In this blog, I will explain the pruning process for decision trees. Ideally, we would like a classification tree that doesn’t over-fit the given training data. Under-fitting means the tree is very simple and has high classification error. And, overfitting means that the model has modelled the training data too well such that it has picked up noise or random fluctuations in the training data. The problem is that the model would not apply well to new data and negatively impact the model’s performance to generalize. Pruning is done to avoid overfitting.
In classification problems, we can look at various parameters and use some kind of tolerance value to prune or cut the tree down. This is done by saying that each split needs to decrease error by at least some amount. In this mechanism, we can start with a large tree and we can come down to a smaller tree. The most common way of pruning is called ‘Cost Complexity Pruning’- where we give instruction to the model that every time a branch is added, it has to make sure that the relative error decrease is more than a specifically given threshold- usually called alpha or cost complexity (CP) parameter.
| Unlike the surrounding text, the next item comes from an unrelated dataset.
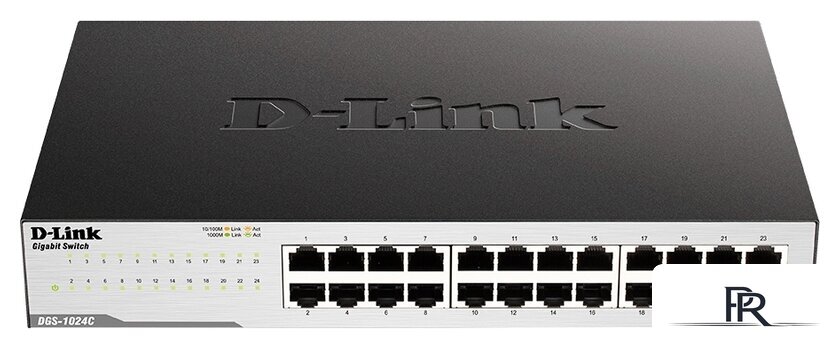 Неуправляемый коммутатор D-Link DGS-1024C/B1A - Изображение №1 — Интернет-магазин ПроЗаказ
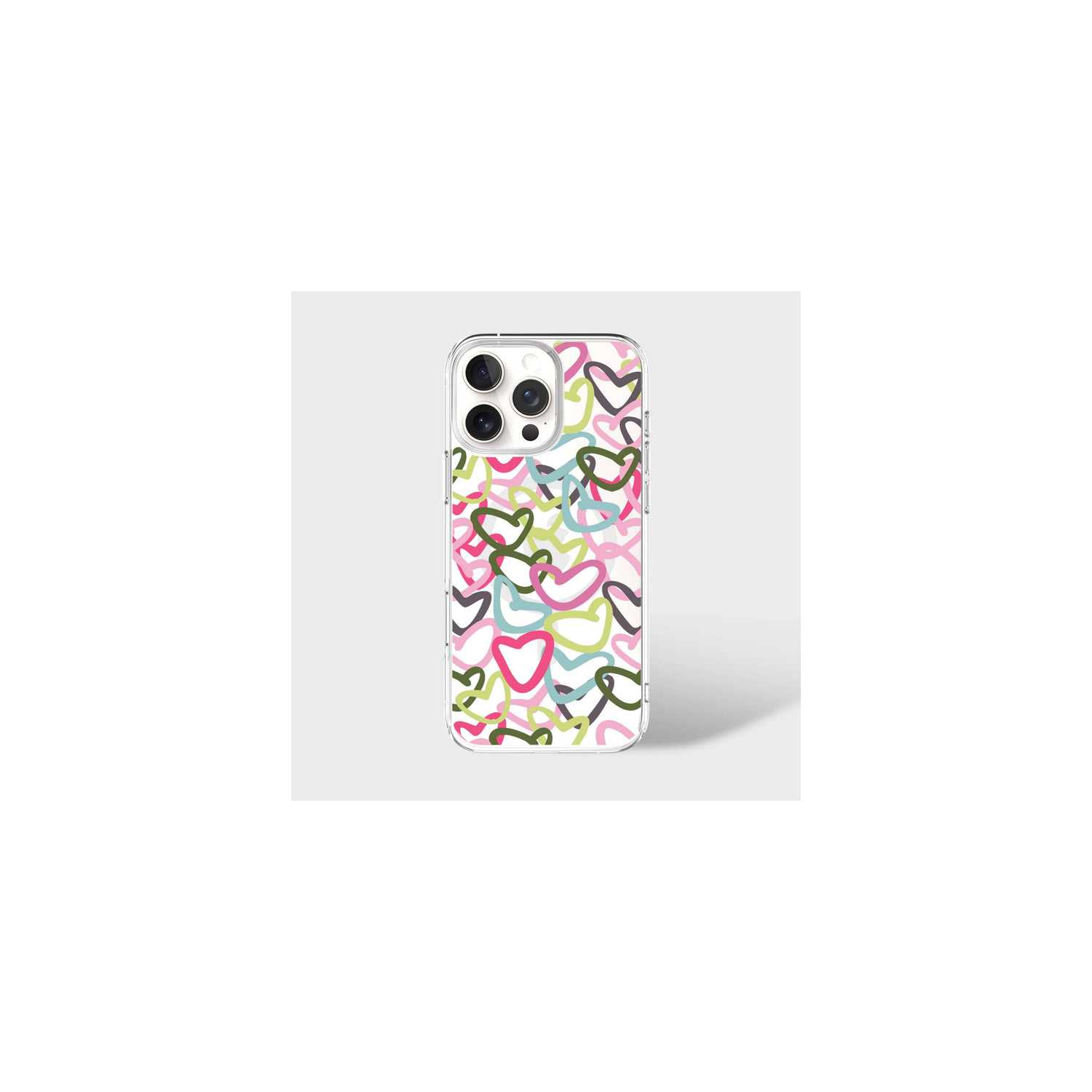 iPhone 16 Pro Max Clear Case - Graffiti Design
Let’s say we have 200 apples and oranges mixed together. Out of the 200, 60 are oranges. As majority is apple, if we classify everything as apple, then we have got 60 wrong. Thus in the very first node (root node) of the tree, we can say we have 60 misclassification. Next, we could split them further based on their weight into 2 splits and may be based on color into further 2 nodes each. Thus based on weight and color, we have got 4 nodes as shown below,
Let’s say, we still got 15 misclassification at this stage with 4 nodes. The relative decrease in error by adding 3 nodes (from 1 root node to 4 leaf nodes-> 3 nodes added) is (60-15)/60=45/60=0.75. Thus decrease per node is 0.75/3=0.25. Thus, the alpha value of this split is 0.25. We can set a limit for alpha such as 0.015 (for example). We can grow a full tree using in-sample data and cut the tree where the relative decrease in error per node for any branch (or new section) goes below 0.015.
While we can build the model using training data and test the performance with test data, there is also another method to do it – which is called cross-validation. In cross-validation, data are split into n non-overlapping groups and runs n experiments. In each experiment, n-1 groups are used to train a model and the model is tested on the left out group. The results are summarized over the n experiments. This gives a mechanism to test a model repeatedly on data that was not used to build the model. The ‘xerror’ from the above table gives us cross-validation error value.
For decision trees, it is a common approach to choose the tree with minimum cross validation error. Thus, for above sample case, we could stop the split at n=5 as it has minimum xerror value.
Conclusion:
In this blog, we discussed about how to decide the pruning point for decision tree using relative error decrease and also about cross-validation and how to use ‘xerror’ to decide on number of splits.